Amazon vs. the New York Times, as quoted on Twitter

Chris A. Williams
Journalism, Deliberated
2 min readOct 20, 2015

It was interesting reading the back-and-forth yesterday, especially through the lens of what users cut-and-pasted into Twitter.

Two months ago, the New York Times wrote a scathing, inside look at Amazon’s work culture. Monday morning, ex-Obama press secretary Jay Carney wrote a response on Medium. “Had the reporters checked their facts, the story they published would have been… a lot more balanced, and… a lot more boring” (8 shares). Carney said Amazon provided more info to the NYT a couple weeks ago, hoping they would “correct the record.” But “they haven’t, which is why we decided to write about it ourselves” (68).

A few hours later, NYT Executive Editor Dean Baquet wrote a response to Carney’s response, also on Medium. “Virtually every person quoted in the story stated a view that multiple other workers had also told us” (6 shares). Baquet went on to say he had “no doubt that this was an accurate portrait” (5).

So then Carney went back to Medium, to get the last word. “When an anecdote or quote is too good to check, it’s usually too good to be true” (5 shares).

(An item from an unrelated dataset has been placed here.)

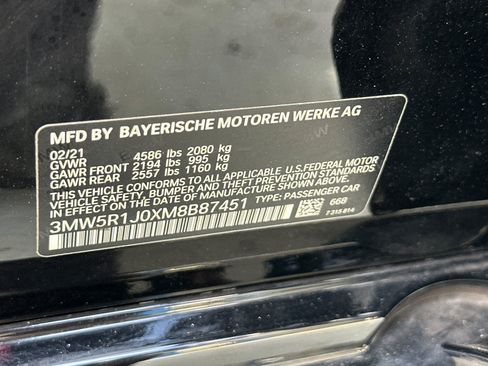Used 2021 BMW 330i Sedan w/ Parking Assistance Package RWD image 28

The Awl has a great breakdown of the spat, from a journalistic standpoint. It comes down to “media versus tech,” where “Amazon is clearly the more powerful party and is approached as such” (1 share). As they’ve grown in power and influence, “tech companies have become impatient with the press as it exists today” (7). But tech has a leg up in the long run. “Why buy the media when you can simply become its context, its location, and its system of incentives?” (3). If you care about journalism, this article articulates the accusations that journalists commonly face.